He should start lying about it, though, because he was still too honest with them. He’d defected, and not long afterward, Kylo Ren had set out on a mission to retrieve him forcibly, but had used the opportunity to smuggle Rey out, and Rey hadn’t been consulted on this but had been remarkably cheerful about it once she’d realized she couldn’t easily go back. She insisted that Kylo Ren really had no intention of harming Finn, but Finn still didn’t entirely believe that.

Poe would understand, but Finn couldn’t confide in him. Legally, he couldn’t. And he wanted badly to know what it was that Poe knew about Kylo Ren. But those doors were all closed off from one another.
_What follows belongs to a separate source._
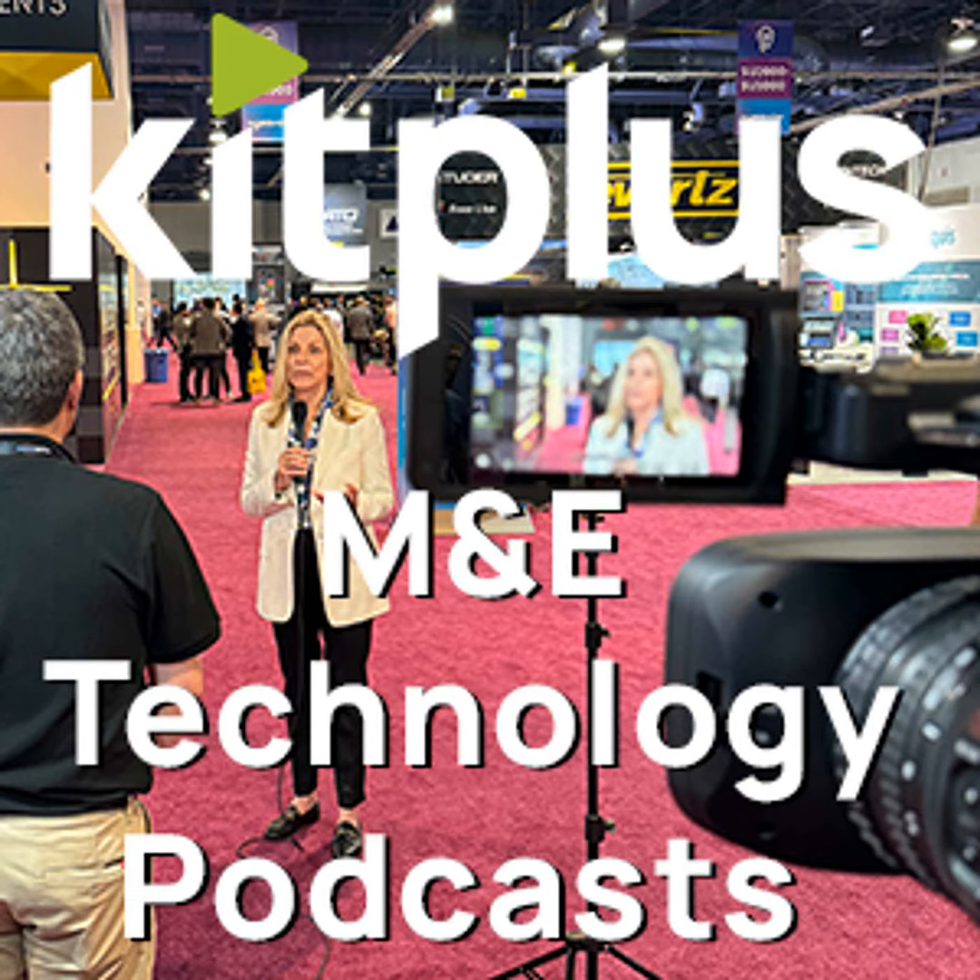Yes, just back at NAB when you saw it there. So yes, one of the first showings in the UK — the Workspace XE is our brand new product. It's shared storage for small to medium workgroups. We've got eight hard drives in it, a 25-gig interface at the back for sharing, but also we have the ability to add a very high-performance disk cache of NVMe — up to 60 terabytes of NVMe — to provide very high performance for DPX and other such workflows.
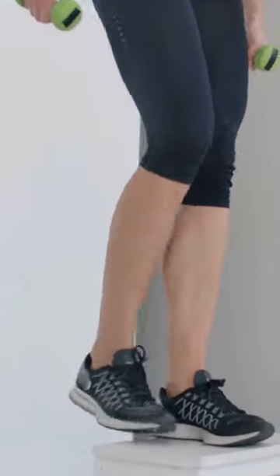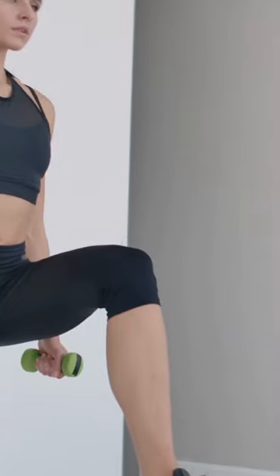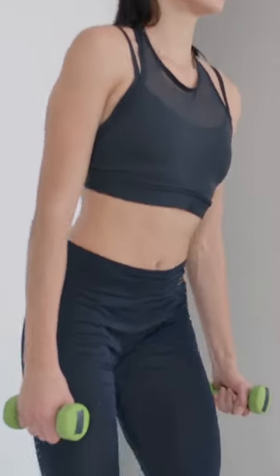Stand facing a bench or step with a dumbbell in each hand. Step one foot onto the bench and push through the heel to lift your body up. Step back down and repeat on the other side. Perform 8 to 10 repetitions on each leg for 3 to 4 sets.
“Mm,” Rey said, “a standard serving of wine is 250 ml, which is three units of alcohol—“

Finn had forgotten what they were talking about. “It probably doesn’t matter,” he said.

Rey had been kept isolated in the wilderness at the edge of the First Order’s territory, and had developed a lot of obsessive behaviors to compensate for her extremely lonely upbringing. It was as deliberately different from Finn’s upbringing as could easily be imagined. She’d been intended to be some sort of prophet or sacrifice or something. The majority of the First Order’s beliefs were pretty pragmatic, but there was a weird spike of mystical belief that kind of went right through the middle of it. Finn knew next to nothing about any of that; he’d been trained to stay away from it. Rey knew next to nothing about anything but that; it was about all she’d been given.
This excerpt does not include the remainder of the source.